The company launched its beta site last month and says it'll be publicly available in February.

Like most startups, Tip’d Off bills itself as a solution to a problem: “Investors don’t really know who to trust for reliable stock advice,” Ankush Saxena, the CTO and co-founder of the Mountain View, California-based company, told The Huffington Post. “There are great traders out there who do consistently beat the markets, know how to navigate the swings,” Saxena said.

Tip’d Off’s solution: You join a social network that includes great traders, follow them to see their trades, tips and ideas, and link your brokerage account to the site if you choose to. When you place a trade in your brokerage account, it’s posted to Tip’d Off and your followers are alerted. You can also do paper trades, effectively using play money to simulate real trades. The idea is that the more useful information and tips you share, and the more you trade, the more people will follow you.

It’s an old-school stock-trading message board, basically, of the sort that has been around for decades, with the same potential for misinformation and illegality. This one just has the shiny new veneer of VC funding, some social-networking and mobile-gaming jargon, and what appears to be no clear revenue plan. Tech is hot, social is hotter, and stocks are red hot: Venn diagram that up, add some code, and Tip’d Off is born.

venn diagram ben

Tip’d Off is an unfortunately zeitgeisty permutation of the "loser’s game," the wonderful term Henry Blodget coined for the pervasive, recurring and false idea that individual retail investors can make money picking stocks or timing the market.

Tip’d Off also claims to solve a more novel problem: “There’s kind of a challenge to monetize there,” Saxena said. “Non-investment advisers can’t build a reputation based on their trading acumen and monetize their skill set.”

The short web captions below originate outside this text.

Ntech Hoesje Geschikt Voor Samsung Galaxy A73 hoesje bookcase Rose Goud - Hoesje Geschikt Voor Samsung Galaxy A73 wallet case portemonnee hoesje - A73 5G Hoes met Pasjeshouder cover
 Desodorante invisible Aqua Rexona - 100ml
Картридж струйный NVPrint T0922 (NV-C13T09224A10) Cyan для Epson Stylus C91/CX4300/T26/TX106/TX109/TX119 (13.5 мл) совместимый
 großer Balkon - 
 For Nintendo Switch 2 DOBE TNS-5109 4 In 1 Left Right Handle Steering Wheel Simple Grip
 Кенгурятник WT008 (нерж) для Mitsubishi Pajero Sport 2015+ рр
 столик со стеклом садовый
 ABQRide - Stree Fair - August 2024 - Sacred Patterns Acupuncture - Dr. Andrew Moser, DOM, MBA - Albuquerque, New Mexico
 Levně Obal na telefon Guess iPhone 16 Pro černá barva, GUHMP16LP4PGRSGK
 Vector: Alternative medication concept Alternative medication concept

"We will pay you to share," Saxena said.

Of course, there is already a very easy way for good traders to make money, and that is by trading. Traders don’t need an app to help them “monetize” their “acumen” -- the stock market already exists. Put simply: Good trading is what makes traders good. And it’s not an indelible quality: Performance fluctuates. The most probable outcome is that people who have great returns one month or one year have not-great returns the next month or year.

Anyway, to solve this non-existent problem, Tip’d Off promises it has a way for you to make money off your reputation as a good trader. Once you’re a Tip’d Off member, you have the chance to be given “pro” status by the company, and get paid by the number of people who follow you for tips.

This does echo something that happens in the real world: Warren Buffett and Bill Ackman have the power to make stocks rise or fall, simply because of their reputations. Carl Icahn tweeted that he owned Apple shares and the stock rose 4 percent in an hour. But that sort of success is rare, and it is based on past actual success at investing.

But the people who will use Tip’d Off to make money from their reputation probably won’t be good traders. They’ll just be good at seeming like they are good traders, saying all the right words about the right stocks with a smooth blend of equanimity and conviction. And they’ll be wrong -- a lot: 79 percent of U.S. stocks funds did not beat their benchmark this year, the Wall Street Journal’s Jason Zweig reported.

There’s no reason to think Tip’d Off’s “pro” users will be any better, and lots of reason to think they’ll be worse. But as long as they have a lot of followers, the stock-fluencers will get paid.

And as for those followers? The best-case scenario is that they discover quickly how little value they get from this product and stop using it. The worst-case scenario is that they follow someone’s bad stock tips and lose a bunch of money.

Among financial types, the phrase “talking your book” means promoting your own investments and convincing other people to join you. On Tip’d Off, you don’t just have to talk your book: your book becomes talking your book. Your reputation alone can be lucrative. Sure, you could also make some good trades. But again, if you can do that, why do you need Tip’d Off? The stock market itself is a far more lucrative place to leverage trading skill (if trading skill is even a thing that exists).

Do yourself a favor and just buy a low-cost index fund, or use a money-management startup that actually helps people, like Betterment or Wealthfront.